■ MATERIALS PROVIDED
--------------------------------------------------

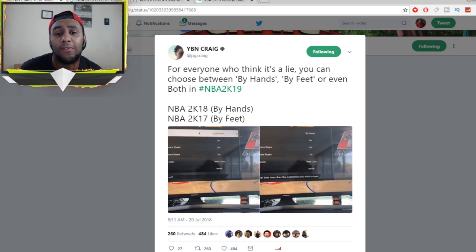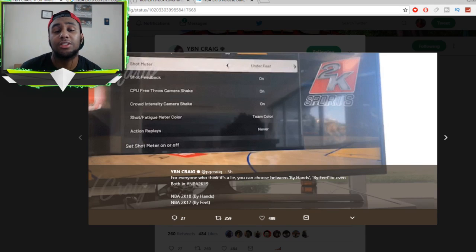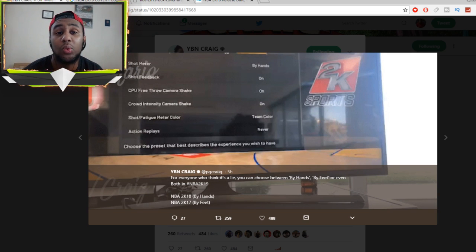Chris Smoove, Pretty Boy Fredo, and other YouTubers were actually playing 2K19 live yesterday at an event, so they leaked a whole bunch of stuff. Shout out to my boy Craig for finding these screenshots. For 2K19 there's actually a setting — when you go to controller settings it will say shot meter, and you can choose whether you want the shot meter under your feet, which is 2K17 style, or by your hands, which is 2K18. A 2K developer actually tweeted this out asking what shot meter players want in 2K19.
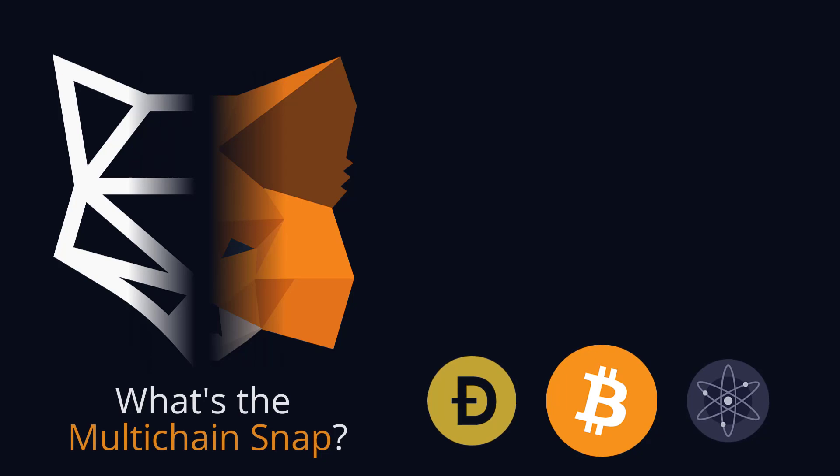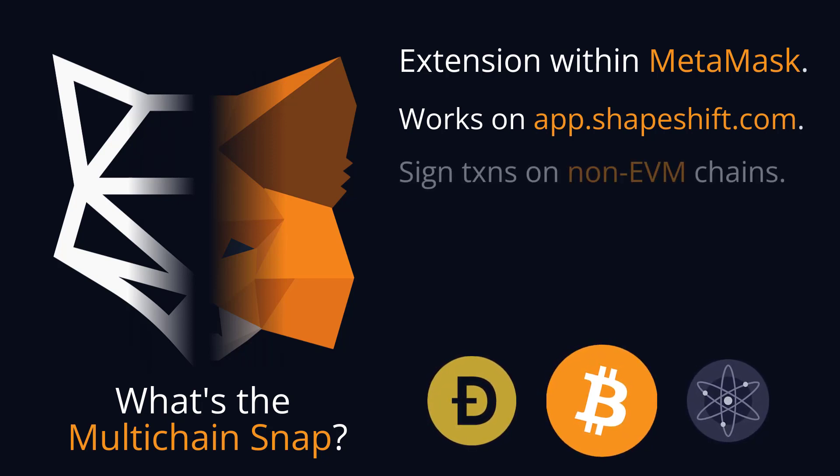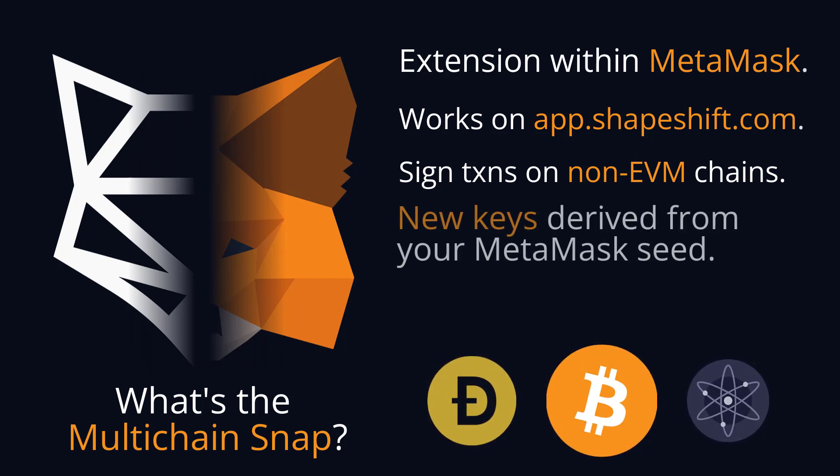The ShapeShift multi-chain snap is an extension that, when used in conjunction with shapeshift.com as a front-end, will allow you to sign transactions on a number of non-EVM compatible chains. One thing that's particularly cool about this is that you don't have to manage a separate set of private keys — the keys used to sign transactions on Cosmos, Osmosis, Bitcoin, Litecoin, Dogecoin, etc. are derived from the root private key of your native MetaMask accounts.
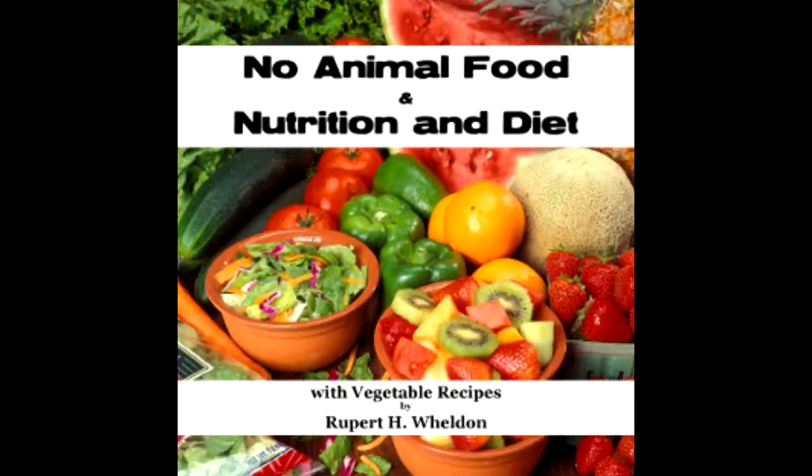Ninety-eight: Banana date cakes — eight ounces figs, minced; four bananas; sufficient wheat or corn flakes to make into a stiff paste.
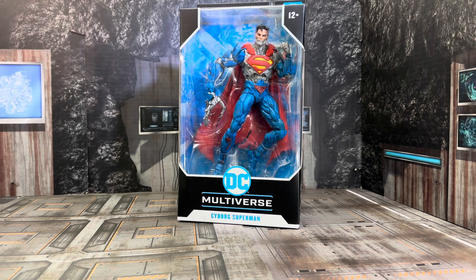In today's show, we're taking a look from McFarlane Toys DC Multiverse: Cyborg Superman.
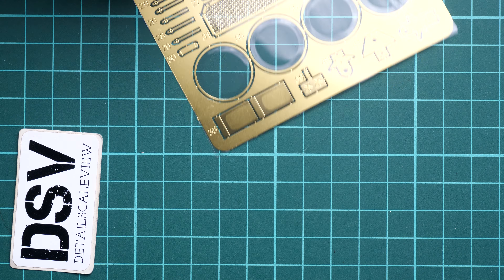On the side you will find safety information and info about the manufacturer. On the opposite side you can see seven marking options, which is quite impressive. It's also mentioned that the decals are coming from Cartograf.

--------------------------------------------------

■ THE PROBLEM
Please reproduce all the material exactly. Pictures stay out of the copy.

■ FINISHED TASK
Chris Smoove, Pretty Boy Fredo, and other YouTubers were actually playing 2K19 live yesterday at an event, so they leaked a whole bunch of stuff. Shout out to my boy Craig for finding these screenshots. For 2K19 there's actually a setting — when you go to controller settings it will say shot meter, and you can choose whether you want the shot meter under your feet, which is 2K17 style, or by your hands, which is 2K18. A 2K developer actually tweeted this out asking what shot meter players want in 2K19.
The ShapeShift multi-chain snap is an extension that, when used in conjunction with shapeshift.com as a front-end, will allow you to sign transactions on a number of non-EVM compatible chains. One thing that's particularly cool about this is that you don't have to manage a separate set of private keys — the keys used to sign transactions on Cosmos, Osmosis, Bitcoin, Litecoin, Dogecoin, etc. are derived from the root private key of your native MetaMask accounts.
Ninety-eight: Banana date cakes — eight ounces figs, minced; four bananas; sufficient wheat or corn flakes to make into a stiff paste.
In today's show, we're taking a look from McFarlane Toys DC Multiverse: Cyborg Superman.
On the side you will find safety information and info about the manufacturer. On the opposite side you can see seven marking options, which is quite impressive. It's also mentioned that the decals are coming from Cartograf.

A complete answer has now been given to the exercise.